Please find below a translation of the article first published by La Semaine Juridique Entreprise et Affaires No. 26 on 1st July 2021
One of the topics discussed in this article is the corruption control as one of the challenges of the arbitration proceedings. In this respect, Georges Arama has successfully assisted the Gabonese Republic in a litigation regarding a construction project. On May 5th, 2021 the ICCP-CA annulled an arbitral award rendered by the ICC on 21 June 2018 which had ordered the Gabonese Republic and the City of Libreville to pay to the companies Webcor ITP and Grand Marché de Libreville the amount of 92 million euros in a litigation regarding a construction project. For more information about this topic, click here and read the full article “Wedding gift to Gabonese mayor leads to set-aside” published on 26th May 2021 by the @Global Arbitration Review ( (GAR).]
Arbitration: New issues in the development of economic relations between states and companies
Thanks to the flexibility and the leading role of the parties in the conduct of the proceedings, arbitration contributes to the economic development of companies and states.
The number of states or state entities involved in ICC arbitration proceedings has thus increased by 50% between 2013 and 2017.
However, since a state is not a party like any other, professionals, such as arbitrators and lawyers, had to adapt their practice to the issues arising from this particularity.
- How can states and private actors strengthen their economic development through arbitration?
MR: Arbitral tribunals are a “neutral forum”. Choosing arbitration allows private actors to safely access new markets, without fearing to face a foreign language and legal system that they (rightly or wrongly) distrust.
GA: Our experience with public-private partnerships in Africa shows that companies want to submit their disputes to an independent, not national jurisdiction.
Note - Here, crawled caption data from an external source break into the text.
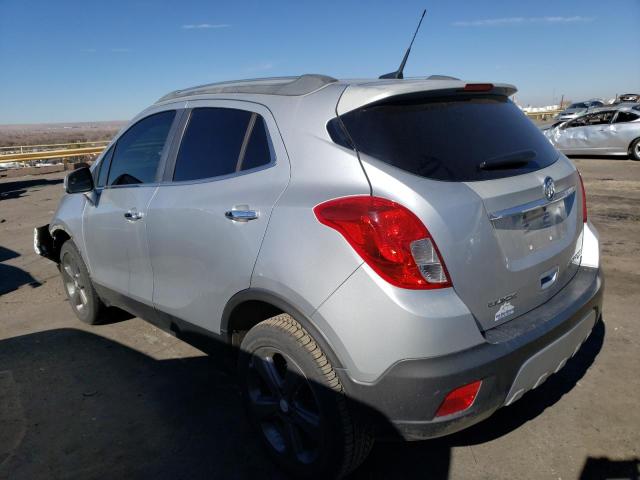 Photo 2 from auction – 2014 BUICK ENCORE with VIN KL4CJESB1EB698663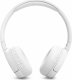 Słuchawki JBL T670NC BT białe (T670NCWHT) 1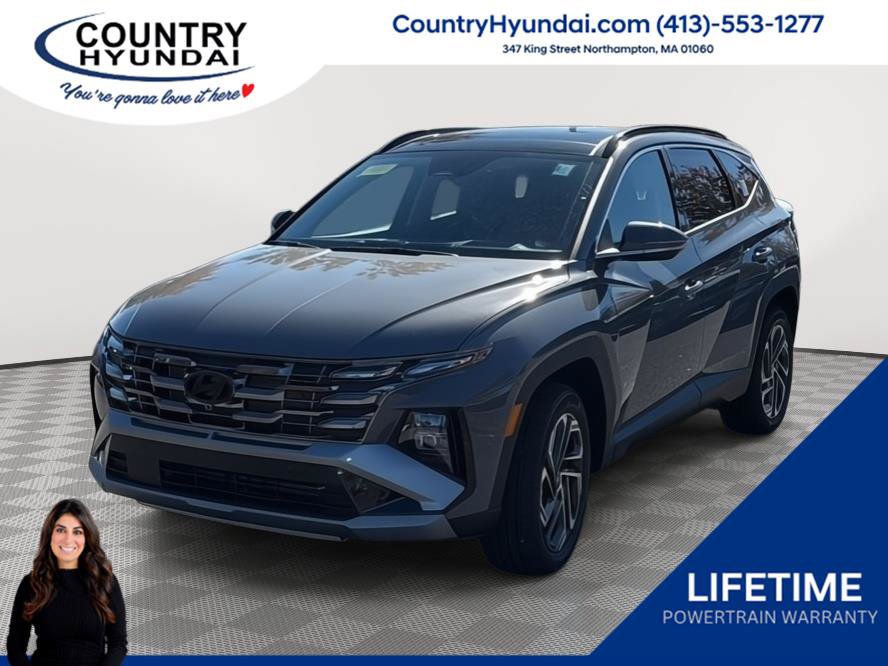 New 2026 Hyundai Tucson Limited AWD/4WD image 1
The possibility to have ” outsourced” proceedings, conducted before experienced arbitrators, guarantees the protection of their local businesses. However, with the 2014 oil crisis, the economies of some oil-producing states have collapsed, affecting their ability to maintain a balanced relationship with their trading partners . Given the increasing number of cases and their economic importance, arbitral tribunals have taken care to examine the failures of these states with greater flexibility and, sometimes, the concept of equity has allowed to obtain awards that take into account the parties’ respective situations. The recourse to arbitration is therefore a reassuring factor for a company but also for states which, by this way, strengthen their development.
- Based on your experience, which particularities do legal professionals have to face during an arbitration between a state and a private company?
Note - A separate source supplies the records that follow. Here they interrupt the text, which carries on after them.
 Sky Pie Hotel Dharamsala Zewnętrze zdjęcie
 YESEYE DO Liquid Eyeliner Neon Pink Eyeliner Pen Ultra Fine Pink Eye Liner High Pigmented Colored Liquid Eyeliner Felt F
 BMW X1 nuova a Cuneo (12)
GA: One of the peculiarities of defending African states during arbitration lies in the field of evidence. The means or working methods of states diverge radically from those of companies. Unlike a company whose departments are in permanent contact, the administrations sometimes coordinate their respective actions poorly. It is not uncommon to discover documents that are contrary to the interests of the state or, on the contrary, that no document allows the state to justify its actions. It is our job as lawyers to report these difficulties to the arbitrators who handle such situations with more cautiousness and then “balance” the interests of the parties. Search for documentation by experts and lawyers is also essential and requires support and proximity to civil servants, who are not very familiar with these procedures, in order to reconstruct the case, from the negotiations to the litigation phase. Then, during the arbitration proceedings, the lawyer’s role will be to propose a concerted strategy to the different administrations and to make his interlocutors aware of the usefulness of the evidence to protect their interests.
MR: Securing evidence is also an important issue for companies and we often advise them to be assisted by a contract manager. We also explain to them the type of market and, above all, the characteristics of the state they are dealing with facing. For this purpose, klein • wenner has a team of multicultural and multilingual lawyers who have developed a strong expertise in international litigation and can assist them in French as well as in English, German or Italian.
- Which procedural safeguards are in place to support states and private companies?
MR: International arbitration offers parties a promptness that is difficult to find in proceedings before most national courts. The confidentiality of the awards is another real advantage, especially in consideration of the financial importance and the reputation of the parties in international business.
GA: The rising number of states participating in arbitration proceedings has also highlighted the challenge of safeguarding public interests. An interesting example is corruption control. As this is occult by nature, arbitral tribunals and support judges had to develop the technique known as “red flags” to sanction it. Our law firm has often been faced with this kind of problem, notably during annulment actions before the Paris Court of Appeal, which strongly contributes to the fight against corruption and which recently used this technique to pronounce the annulment of an award on the ground of corruption, even though this argument had not been raised during the arbitration. The message that “the control of the judge who is in charge of the annulment has a specific and distinct purpose from that of the arbitral tribunal“ must therefore be taken into account by law firms which, faced with the complexity of the networks and proceedings, have to develop a real know-how in the handling of these cases.